PROBLEM REQUIREMENTS.
Starting at the first line of the entries below, output every line exactly, up to and including the line with "An In Vitro".

TASK DATA.
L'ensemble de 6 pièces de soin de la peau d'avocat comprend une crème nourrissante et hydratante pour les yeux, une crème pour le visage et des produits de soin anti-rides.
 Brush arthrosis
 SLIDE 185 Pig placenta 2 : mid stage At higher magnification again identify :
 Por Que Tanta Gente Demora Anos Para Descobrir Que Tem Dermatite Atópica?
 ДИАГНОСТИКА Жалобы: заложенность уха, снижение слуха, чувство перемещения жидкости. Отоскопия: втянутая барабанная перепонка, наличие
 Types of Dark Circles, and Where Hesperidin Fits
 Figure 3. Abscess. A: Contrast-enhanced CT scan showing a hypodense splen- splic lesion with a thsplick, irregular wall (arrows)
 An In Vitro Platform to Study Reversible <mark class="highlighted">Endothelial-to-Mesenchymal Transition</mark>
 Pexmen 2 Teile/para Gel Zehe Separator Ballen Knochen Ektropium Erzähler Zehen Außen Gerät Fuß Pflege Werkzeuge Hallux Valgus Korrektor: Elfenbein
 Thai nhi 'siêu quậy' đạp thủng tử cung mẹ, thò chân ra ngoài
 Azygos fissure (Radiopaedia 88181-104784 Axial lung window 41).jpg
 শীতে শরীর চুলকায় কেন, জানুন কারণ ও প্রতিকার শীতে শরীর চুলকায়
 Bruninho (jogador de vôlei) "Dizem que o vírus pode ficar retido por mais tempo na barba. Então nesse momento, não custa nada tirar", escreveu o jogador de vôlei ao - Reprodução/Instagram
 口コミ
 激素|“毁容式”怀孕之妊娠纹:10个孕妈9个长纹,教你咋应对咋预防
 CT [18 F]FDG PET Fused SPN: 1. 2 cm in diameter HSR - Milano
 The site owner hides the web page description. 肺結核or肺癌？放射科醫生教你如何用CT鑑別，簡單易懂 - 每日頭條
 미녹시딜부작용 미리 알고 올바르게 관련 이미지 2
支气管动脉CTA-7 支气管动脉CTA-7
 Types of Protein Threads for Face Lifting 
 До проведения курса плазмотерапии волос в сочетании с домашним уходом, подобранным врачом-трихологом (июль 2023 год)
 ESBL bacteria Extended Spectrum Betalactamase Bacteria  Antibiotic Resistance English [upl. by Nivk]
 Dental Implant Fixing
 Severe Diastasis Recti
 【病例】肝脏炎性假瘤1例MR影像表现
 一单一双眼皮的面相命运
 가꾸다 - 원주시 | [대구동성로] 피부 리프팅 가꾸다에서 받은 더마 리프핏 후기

ANSWER BOX.
L'ensemble de 6 pièces de soin de la peau d'avocat comprend une crème nourrissante et hydratante pour les yeux, une crème pour le visage et des produits de soin anti-rides.
 Brush arthrosis
 SLIDE 185 Pig placenta 2 : mid stage At higher magnification again identify :
 Por Que Tanta Gente Demora Anos Para Descobrir Que Tem Dermatite Atópica?
 ДИАГНОСТИКА Жалобы: заложенность уха, снижение слуха, чувство перемещения жидкости. Отоскопия: втянутая барабанная перепонка, наличие
 Types of Dark Circles, and Where Hesperidin Fits
 Figure 3. Abscess. A: Contrast-enhanced CT scan showing a hypodense splen- splic lesion with a thsplick, irregular wall (arrows)
 An In Vitro Platform to Study Reversible <mark class="highlighted">Endothelial-to-Mesenchymal Transition</mark>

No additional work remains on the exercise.